Maybe, maybe not. Since Chambers’ heart-on-her-sleeve songwriting, coupled with a throaty singing style that blurs the borders between strength and vulnerability, have made her a bona fide star in Australia and a serious contender in the States, questioning her inspiration could potentially spell the end of a promising career. “Which means it’s detrimental to [my mother] as well,” adds Kasey, “because she’s my merchandise lady.” In fact, the whole Chambers clan—who cut four albums together as the Dead Ringer Band before Kasey went solo—works with her: Bill, her father, plays in her band; brother Nash is her producer and manager.

Barricades & Brickwalls also features a secondary recurring theme: trains. Although Chambers lays part of the blame at the feet of Canada’s Fred Eaglesmith (“I know at least five or six of his albums by heart, and I can’t think of one that doesn’t have a train song on it.”), her fascination with iron horses is partially autobiographical, too.

For the first 10 years of her life, Chambers lived in Australia’s desolate Nullarbor Plain, where the family spent seven months a year hunting fox and rabbit for their skins; in the evenings, they sang Emmylou Harris and Gram Parsons favorites around the campfire. “Our only contact with civilization was the sugar train that runs right through the Nullarbor, from Sydney to Perth,” she recalls. “We would stop and get all our supplies from it. That was the only time we would see people when we were living out there.”

From a teenager raised on the plain, to a mother to be (she’s expecting her first child in May) feted by everyone from David Letterman to the producers of The Sopranos, Chambers has also matured as a songwriter over the last few years. “I’m a lot more honest now,” she opines. “It’s funny, because when I wrote The Captain, I was being as honest as I possibly could at that point in my life. But as honest as you ever get when you’re a teenager, it’s still not very honest.”

Perhaps the best example of her newfound frankness is the hidden track that closes Barricades. A litany of tragedies stitched together with admissions of denial, “Ignorance” climaxes with Chambers railing, “If you’re not pissed off at the world/Then you’re just not paying attention.” She penned the song as a reality check at a point when her career was progressing better than she ever imagined. “Sitting down and writing that was just [part of] a realization that, ‘Hey, just because your life is going great right now, there’s no less suffering in the world because of that.'”

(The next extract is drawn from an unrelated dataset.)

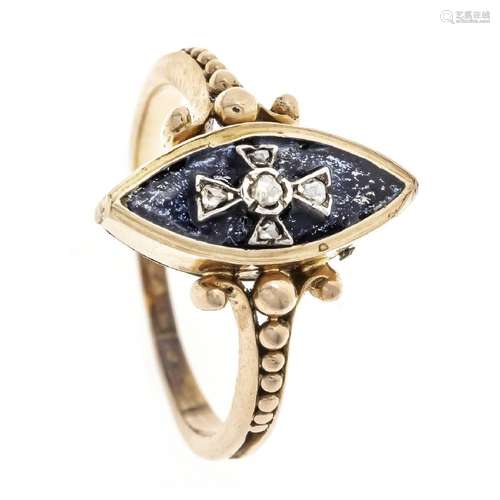 Enamel diamond rose shuttle ring R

Not exactly the sort of sentiments pop singers, especially young ones, are expected to espouse, as she hints on “Not Pretty Enough,” a thinly veiled dig at play-it-safe radio programmers. But no matter. Judging from the powerful responses she’s evoked to date, including two major wins at the ARIAS (Australia’s equivalent of the Grammy Awards), there’s no question a sizable audience for Chambers’ potent, no-frills artistry already exists.

Which is exactly why the young lady with the robust laugh writes so freely about shedding tears.

“I’m sure [Britney Spears] feels all the same things that young girls out there feel—and that I feel—but she doesn’t sing about them and she doesn’t promote them, and she makes it all sound rosy. And that’s a really bad thing for young people, because they’re under the impression that they have to be OK about everything and they have to look great all the time and have these perfect lives. But nobody does. That’s the only thing I’m saying: ‘It’s OK to be sad and cry about things and be upset. It’s OK if things don’t go your way every day’.”